They’re not always essential, and in many cases Mario’s repertoire is enough to get by, though it’s often easier or quicker to make the switch. Sometimes, you’ll bench Mario for the simple novelty of playing as something else, while other forms offer distinct pleasures of their own. Tropical Wigglers are a tactile delight, as their stretchy bodies expand and contract with an accordion’s wheeze. The T Rex has a fittingly clumsy, lumbering gait that might make you think twice about capturing it again, but then Nintendo spawns a crowd of spiky enemies that are just begging to be flattened. And one late-game opponent almost steals the show, with a unique ability that promises to make it a speedrunners favourite.

With such a broad assortment of fresh guises, you might think Mario would be undermined. Not so. Even leaving Cappy out of the equation, our hero has been furnished with his most expansive moveset to date. The triple jump is back, together with old favourites like the side somersault and backflip. Jump immediately after a ground pound and you’ll gain extra height; tuck into a roll and you can drum the Joy-Cons to move faster, sending sparks flying as you bounce along. Then again, sprinting downhill might be even more fun than rolling: as you accelerate down the beautiful brick-red dunes of the Sand Kingdom, you’ll see Mario’s legs going 19 to the dozen, his arms spread wide in delight , a picture of gleeful momentum. Introduce Cappy, and you’ve got more options still: hold the throw button and he’ll spin in place, letting Mario run up and bounce off him, and that’s just for starters. At the top of a New Donk City skyscraper, we spy a rooftop we haven’t yet visited and take a chance that we might just reach it. We roll into a long jump off the edge, throwing Cappy ahead of us, before launching into a dive that bounces Mario off his hatted friend, diving again to clear the outer ledge by a matter of inches. There’s an easier route there, sure. A more exhilarating one? Unlikely.
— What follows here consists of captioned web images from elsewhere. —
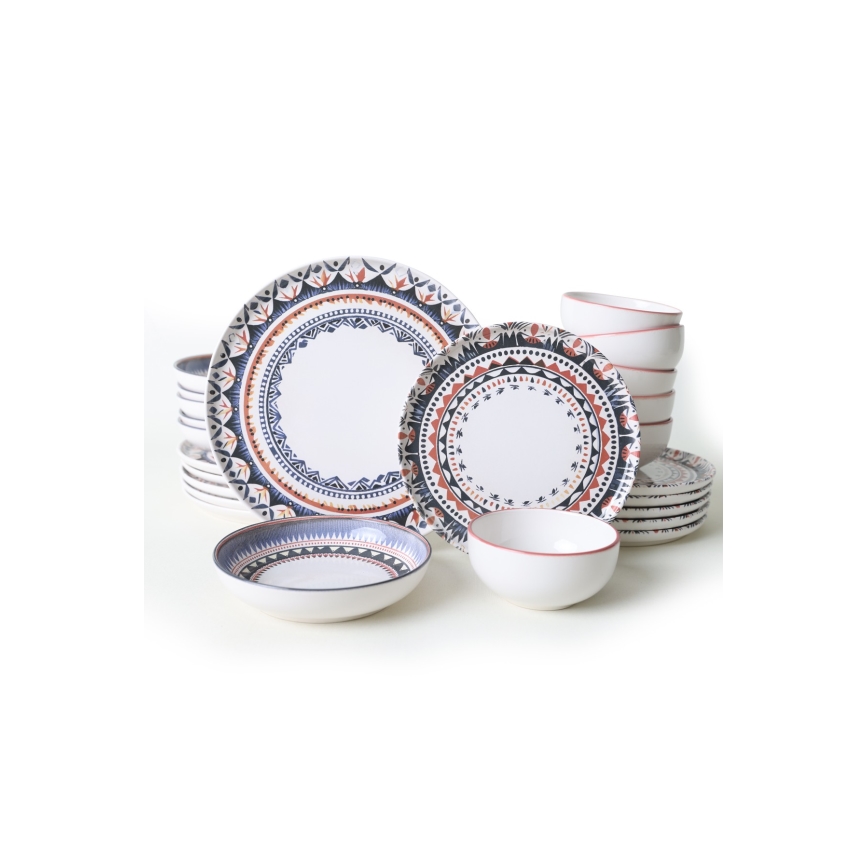 24-dijelni set za jelo – šaren, od kamenine
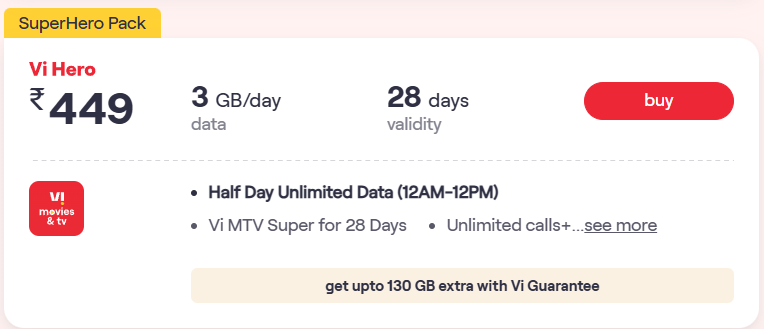 Vodafone idea half day unlimited data code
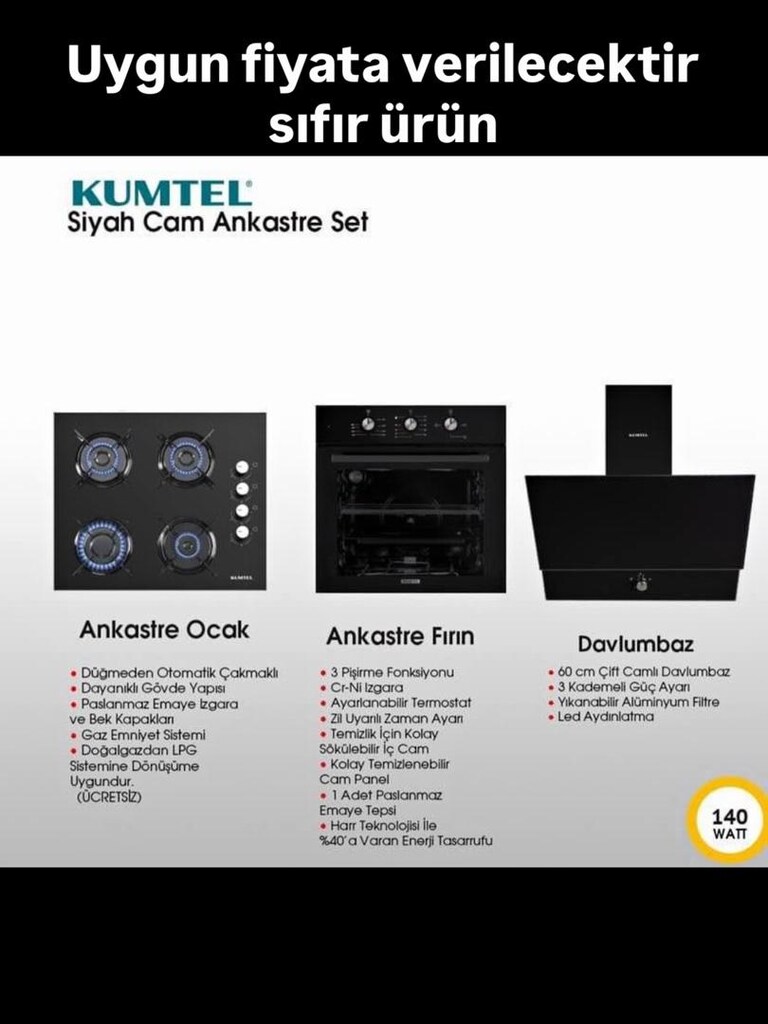 Kumtel ankastre set siyah seri - 2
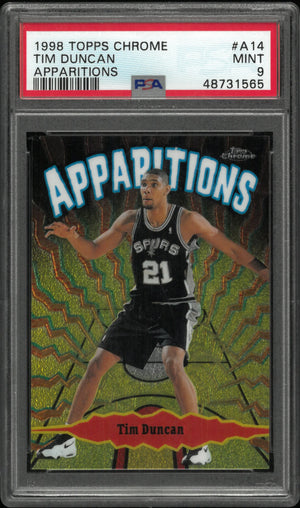 1998-99 Topps Chrome Apparitions Tim Duncan PSA 9 
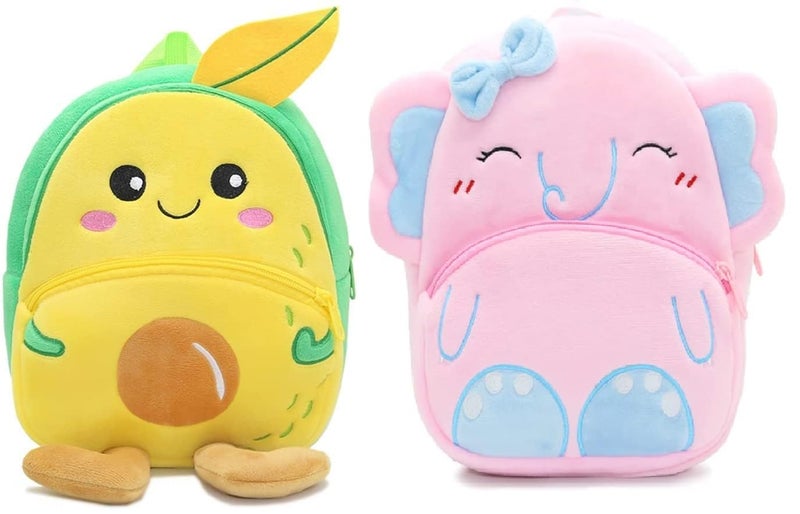 blue tree Cute Boy's and Girl's Plush Bag Medium Quality Full Embroidery Designs Mini Travel Backpack Mango (Mango-Pink Elephant) - Image 1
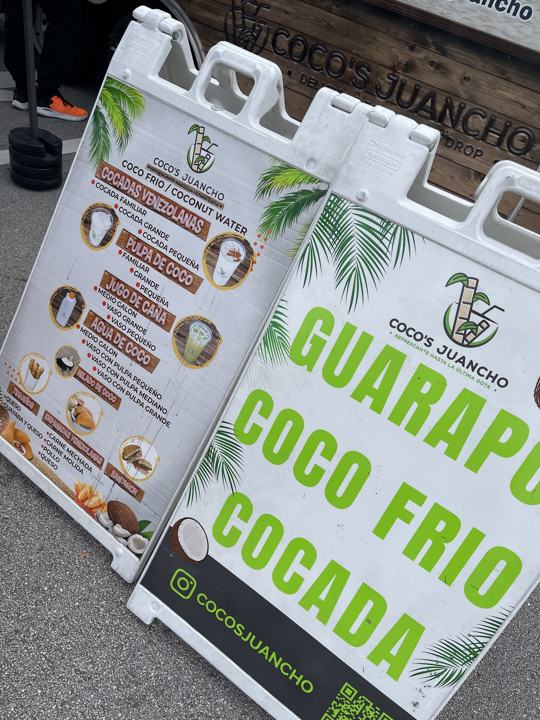 Guarapo · Coco frío · Cocada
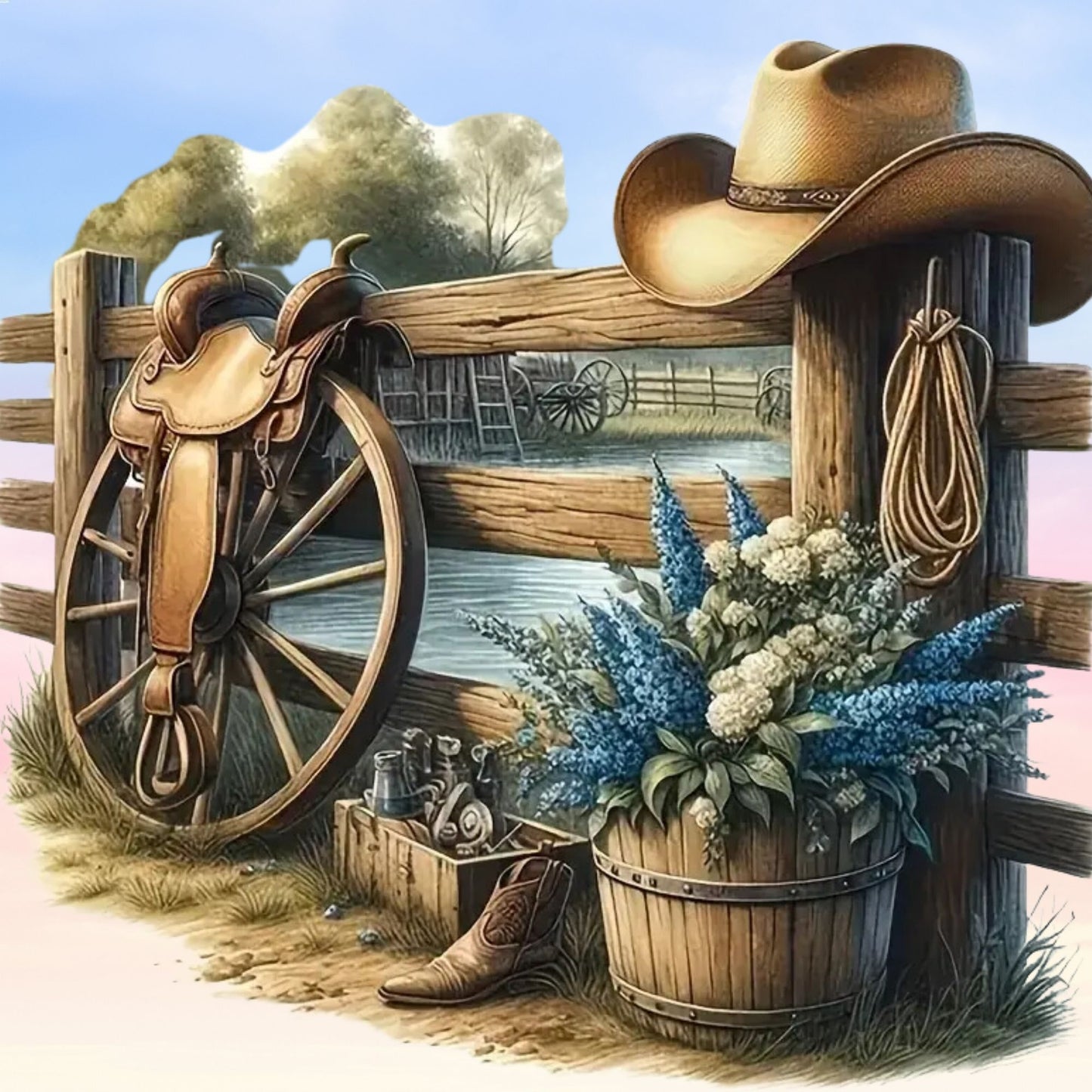 Rustic western scene with cowboy hat, saddle, wagon wheel, and flowers. Diamond painting kit.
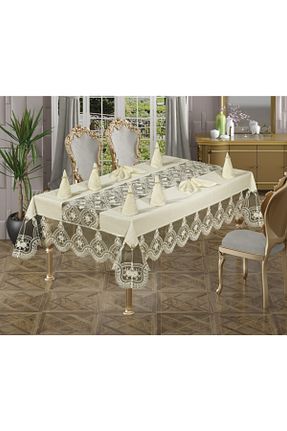 رومیزی بژ مخمل Haspen - کد 126502138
It’s tempting to say Mario’s never felt better under the thumbs; he’s certainly never felt better in the palms. Haring up power cables as an electrical spark produces a tingly buzz of feedback, while you can sense a gentle mechanic click as you twist the camera while overlooking a stage inside a pair of floating binoculars. And diving into the carbonated ocean of the Seaside Kingdom produces such a convincing sensation of effervescence you’ll be unable to resist climbing back out just so you can take another dip and feel the fizz once more. Such is the advantage of playing with the Joy Cons in separate hands, that portable mode is a compromise - and it’s not the only reason why the TV feels like Odyssey’s natural home. Nintendo’s Koichi Hayashida once dismissed the notion of a 3DS port of Galaxy, saying Mario would be little more than a speck on the screen; though we’re on more capable hardware, there are times in handheld mode where subtle details are lost, or distant targets become hard to make out without pressing your nose against the display.

Odyssey’s combination of fantastical elements and realistic detail - its pipes convincingly scuffed, its brickwork authentically weathered - takes some getting used to. But these world are so generously stuffed with distractions that after a while you’ll barely notices the incongruities. Moons, the game’s main collectable, are scattered liberally across them. Some are visible but beyond easy reach; others are quickly unearthed from glowing hiding places; the majority take rather more effort to earn. A clutch of stage-specific quests offer a more traditional structured progression, but otherwise you’re free to choose between the many remaining activities to earn the right to move on.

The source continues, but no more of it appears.